There are a lot of distractions that investors have to contend with… news about interest rates on the rise; the possibility of a housing price crash; reports of a shrinking economy; the latest potential boom area (which is never where you happen to own a home or investment). With so much information, much of it conflicting, it’s easy to become distracted, even confused.
If you’re having trouble staying focused, then these six tips should help to provide some clarity:
1. Keep Your Eyes On The Prize
Every investor needs a goal to work towards. Ideally this would be expressed as a monetary sum, achieved by a time deadline. Once you’ve set your goal it will become the benchmark against which you assess potential acquisitions and disposals.
Put simply, you should buy assets (or redeploy your capital), so that you’re always trying to make the most money, in the quickest time, for the least risk, and the lowest aggravation.
If you don’t have ‘an investing prize’ in mind, it’s easy to get distracted by financial or lifestyle situations that will blow you off course.
Furthermore, when you don’t know what you want, any investment might suffice, or you might decide to hold on to an asset because you don’t know what else to invest in and thus suffer a ‘missed opportunity’ loss.
2. Say No To Noise
It’s important to be informed, but much of what’s written in the press is frankly nonsense. For instance, a few days prior to the US election there was an online article on a major news portal saying that if Trump was elected the Aussie Dollar would quickly exceed 90 US cents. A day or so later, the same site published another article saying if Trump was elected the AUD would fall below 70 US cents.
Rather than falling for a sensationalist headline, find a few people who have a track record of investing success and follow what they’re doing and saying. A tale from the trenches is much more helpful than a rumour from the wires.
3. Measure Up
The best indicator of your asset’s performance is, strangely enough, your asset’s performance! All too often folks are glued to the news when they should be monitoring and measuring how their assets are performing.

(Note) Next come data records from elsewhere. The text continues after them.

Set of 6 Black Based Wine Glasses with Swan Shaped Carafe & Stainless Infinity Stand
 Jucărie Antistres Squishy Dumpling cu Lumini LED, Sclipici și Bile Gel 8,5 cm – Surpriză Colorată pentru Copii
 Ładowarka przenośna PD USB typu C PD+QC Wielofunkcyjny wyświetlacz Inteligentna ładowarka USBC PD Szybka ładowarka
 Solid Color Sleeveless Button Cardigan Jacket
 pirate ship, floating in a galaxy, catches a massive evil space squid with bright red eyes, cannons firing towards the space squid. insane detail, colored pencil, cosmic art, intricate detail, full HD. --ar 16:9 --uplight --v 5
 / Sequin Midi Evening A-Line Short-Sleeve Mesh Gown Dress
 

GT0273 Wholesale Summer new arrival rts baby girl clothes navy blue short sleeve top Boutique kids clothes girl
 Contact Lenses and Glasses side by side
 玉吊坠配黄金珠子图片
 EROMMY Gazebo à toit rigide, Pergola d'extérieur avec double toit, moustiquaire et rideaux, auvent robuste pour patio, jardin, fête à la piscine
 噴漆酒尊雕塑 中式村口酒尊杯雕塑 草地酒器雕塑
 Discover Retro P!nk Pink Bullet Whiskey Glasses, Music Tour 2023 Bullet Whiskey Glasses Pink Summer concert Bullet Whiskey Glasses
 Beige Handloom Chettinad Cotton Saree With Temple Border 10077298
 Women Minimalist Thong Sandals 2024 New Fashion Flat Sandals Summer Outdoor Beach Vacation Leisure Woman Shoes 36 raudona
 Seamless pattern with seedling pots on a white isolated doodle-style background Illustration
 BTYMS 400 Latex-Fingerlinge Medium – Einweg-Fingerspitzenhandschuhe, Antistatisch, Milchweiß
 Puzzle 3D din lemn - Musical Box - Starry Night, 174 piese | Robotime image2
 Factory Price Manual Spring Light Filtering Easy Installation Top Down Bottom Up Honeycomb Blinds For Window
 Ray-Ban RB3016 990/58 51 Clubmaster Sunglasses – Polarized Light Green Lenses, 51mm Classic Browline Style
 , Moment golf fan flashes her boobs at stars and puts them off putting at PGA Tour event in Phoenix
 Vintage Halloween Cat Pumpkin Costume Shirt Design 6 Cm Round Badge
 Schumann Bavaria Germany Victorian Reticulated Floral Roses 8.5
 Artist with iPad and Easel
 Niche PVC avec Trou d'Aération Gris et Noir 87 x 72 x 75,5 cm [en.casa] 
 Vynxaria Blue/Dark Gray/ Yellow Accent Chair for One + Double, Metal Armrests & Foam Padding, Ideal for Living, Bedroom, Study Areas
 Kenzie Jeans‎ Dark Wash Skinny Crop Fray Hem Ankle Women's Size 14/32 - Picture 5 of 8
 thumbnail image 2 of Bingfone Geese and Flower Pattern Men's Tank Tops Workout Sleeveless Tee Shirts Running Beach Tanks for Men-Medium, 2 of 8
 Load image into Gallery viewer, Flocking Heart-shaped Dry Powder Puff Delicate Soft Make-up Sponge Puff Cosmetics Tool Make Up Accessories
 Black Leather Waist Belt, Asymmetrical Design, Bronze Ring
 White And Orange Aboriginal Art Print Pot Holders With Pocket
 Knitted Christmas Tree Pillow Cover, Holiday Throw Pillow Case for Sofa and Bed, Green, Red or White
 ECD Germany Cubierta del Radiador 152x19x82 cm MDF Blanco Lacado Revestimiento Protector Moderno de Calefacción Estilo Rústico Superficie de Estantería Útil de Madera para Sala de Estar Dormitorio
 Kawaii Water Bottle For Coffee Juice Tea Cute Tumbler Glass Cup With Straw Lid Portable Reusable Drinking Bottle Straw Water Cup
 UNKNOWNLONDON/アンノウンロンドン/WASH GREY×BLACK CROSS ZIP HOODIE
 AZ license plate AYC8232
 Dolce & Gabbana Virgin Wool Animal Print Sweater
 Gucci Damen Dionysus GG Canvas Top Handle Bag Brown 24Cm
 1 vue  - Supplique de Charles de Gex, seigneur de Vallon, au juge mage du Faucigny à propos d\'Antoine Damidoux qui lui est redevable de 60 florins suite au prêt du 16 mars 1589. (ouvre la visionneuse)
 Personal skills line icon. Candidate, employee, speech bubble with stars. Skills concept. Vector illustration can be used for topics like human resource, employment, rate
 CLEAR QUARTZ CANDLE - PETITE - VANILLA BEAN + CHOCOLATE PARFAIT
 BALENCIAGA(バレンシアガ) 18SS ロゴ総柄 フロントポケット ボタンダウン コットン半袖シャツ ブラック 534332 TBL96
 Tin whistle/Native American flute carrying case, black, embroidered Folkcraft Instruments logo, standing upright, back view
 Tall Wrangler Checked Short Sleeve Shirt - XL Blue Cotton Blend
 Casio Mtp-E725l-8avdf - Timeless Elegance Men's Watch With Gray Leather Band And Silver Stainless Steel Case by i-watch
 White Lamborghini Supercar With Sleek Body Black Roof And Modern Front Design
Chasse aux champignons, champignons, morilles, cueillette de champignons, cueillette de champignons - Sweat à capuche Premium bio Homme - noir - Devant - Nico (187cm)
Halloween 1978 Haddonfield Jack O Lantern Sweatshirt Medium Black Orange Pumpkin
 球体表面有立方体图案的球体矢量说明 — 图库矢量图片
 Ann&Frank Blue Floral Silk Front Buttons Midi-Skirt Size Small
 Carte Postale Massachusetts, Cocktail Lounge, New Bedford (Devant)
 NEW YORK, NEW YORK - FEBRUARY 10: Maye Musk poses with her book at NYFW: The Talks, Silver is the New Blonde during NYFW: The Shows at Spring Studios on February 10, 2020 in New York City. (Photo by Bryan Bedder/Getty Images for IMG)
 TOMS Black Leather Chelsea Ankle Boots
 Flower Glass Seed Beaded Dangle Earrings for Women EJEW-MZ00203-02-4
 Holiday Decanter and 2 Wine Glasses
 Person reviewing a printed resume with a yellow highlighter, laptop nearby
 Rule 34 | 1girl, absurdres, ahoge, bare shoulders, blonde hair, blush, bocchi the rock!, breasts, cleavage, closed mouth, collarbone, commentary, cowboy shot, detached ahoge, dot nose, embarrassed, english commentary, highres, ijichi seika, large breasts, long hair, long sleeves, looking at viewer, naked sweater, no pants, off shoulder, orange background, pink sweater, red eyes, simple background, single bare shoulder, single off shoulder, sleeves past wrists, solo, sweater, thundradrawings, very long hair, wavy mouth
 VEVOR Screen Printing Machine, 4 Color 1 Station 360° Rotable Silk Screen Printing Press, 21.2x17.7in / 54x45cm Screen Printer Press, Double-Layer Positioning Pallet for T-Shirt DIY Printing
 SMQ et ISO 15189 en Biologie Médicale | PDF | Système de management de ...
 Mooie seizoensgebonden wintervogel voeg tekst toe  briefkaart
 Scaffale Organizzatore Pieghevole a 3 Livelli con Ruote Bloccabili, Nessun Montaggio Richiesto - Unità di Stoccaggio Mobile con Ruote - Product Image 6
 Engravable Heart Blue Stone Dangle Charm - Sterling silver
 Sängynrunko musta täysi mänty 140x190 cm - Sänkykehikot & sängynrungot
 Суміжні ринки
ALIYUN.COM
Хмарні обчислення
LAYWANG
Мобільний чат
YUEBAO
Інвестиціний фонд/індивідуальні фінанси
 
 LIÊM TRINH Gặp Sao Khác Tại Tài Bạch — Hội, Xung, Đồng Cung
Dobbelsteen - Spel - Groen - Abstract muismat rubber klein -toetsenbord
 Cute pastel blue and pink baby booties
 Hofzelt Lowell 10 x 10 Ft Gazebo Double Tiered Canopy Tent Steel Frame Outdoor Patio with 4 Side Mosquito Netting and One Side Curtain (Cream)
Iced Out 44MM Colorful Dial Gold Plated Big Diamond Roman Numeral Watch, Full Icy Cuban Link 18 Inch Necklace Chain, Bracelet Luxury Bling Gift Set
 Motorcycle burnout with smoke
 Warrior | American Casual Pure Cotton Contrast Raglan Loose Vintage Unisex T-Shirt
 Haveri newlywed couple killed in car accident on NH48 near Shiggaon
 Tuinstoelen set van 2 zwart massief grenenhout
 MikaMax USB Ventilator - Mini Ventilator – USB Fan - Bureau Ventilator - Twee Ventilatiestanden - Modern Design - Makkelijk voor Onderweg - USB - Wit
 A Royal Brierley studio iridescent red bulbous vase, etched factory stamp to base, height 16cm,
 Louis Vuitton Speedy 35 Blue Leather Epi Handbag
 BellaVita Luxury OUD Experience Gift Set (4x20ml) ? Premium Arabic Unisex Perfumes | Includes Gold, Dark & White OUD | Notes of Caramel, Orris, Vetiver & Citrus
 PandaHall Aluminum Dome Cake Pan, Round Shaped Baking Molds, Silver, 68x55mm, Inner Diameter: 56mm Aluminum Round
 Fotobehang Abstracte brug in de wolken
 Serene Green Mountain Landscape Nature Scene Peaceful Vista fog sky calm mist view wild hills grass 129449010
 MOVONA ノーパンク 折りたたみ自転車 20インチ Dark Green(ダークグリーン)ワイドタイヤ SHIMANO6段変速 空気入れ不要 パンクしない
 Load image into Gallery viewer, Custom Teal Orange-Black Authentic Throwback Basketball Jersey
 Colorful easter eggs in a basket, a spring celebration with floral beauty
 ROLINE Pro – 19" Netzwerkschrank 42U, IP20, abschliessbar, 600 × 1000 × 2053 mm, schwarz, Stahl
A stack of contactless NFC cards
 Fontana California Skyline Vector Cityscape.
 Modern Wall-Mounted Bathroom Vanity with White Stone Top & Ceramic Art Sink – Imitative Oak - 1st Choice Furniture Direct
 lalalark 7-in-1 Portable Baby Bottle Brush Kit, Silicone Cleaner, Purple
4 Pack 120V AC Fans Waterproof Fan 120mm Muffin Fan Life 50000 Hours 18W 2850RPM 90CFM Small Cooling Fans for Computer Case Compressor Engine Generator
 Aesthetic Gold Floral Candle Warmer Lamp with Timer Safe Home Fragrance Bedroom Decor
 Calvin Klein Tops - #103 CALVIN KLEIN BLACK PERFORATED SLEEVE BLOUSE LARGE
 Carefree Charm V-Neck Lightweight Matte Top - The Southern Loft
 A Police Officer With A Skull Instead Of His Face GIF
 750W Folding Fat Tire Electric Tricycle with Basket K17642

Crunching the numbers once a year at tax time is not enough. At a minimum, you should be receiving quarterly reports, and you should be comparing actual against expectation and taking remedial action as needed so you’re always maximising your money.
4. Plan Ahead
Do you have an investing plan for 2017 – something written out that quantifies what you want from your investments and why? If not, why not? Isn’t your financial future important enough for you to want to make a plan rather than winging it?
You don’t need a 10-page business plan (although you could!). A few pages expressing your investing purpose and some performance benchmarking for your portfolio overall and each asset individually is sufficient as a starting point (and a lot more than most ever bother doing).
5. Seek Help!
2017 could be your best year ever, if only you could find a way to overcome your fears, doubts and insecurities. If you’ve got a problem, find someone who might have a solution and ask for their help! You’ll find you’ll be able to run faster if you don’t have to jump unnecessary self-imposed hurdles.
6. Help Someone Else
One of the best ways to learn is to teach someone else. Find a protégé and invest some time and effort improving their lot in life, leaving them feeling touched, moved and/or inspired. You’ll find you’ll be more blessed giving than receiving.
2016 hasn’t ended yet, so spend the remaining few weeks planning, preparing and establishing the best possible platform for unprecedented success in 2017.
You won’t outperform by leaving things to chance!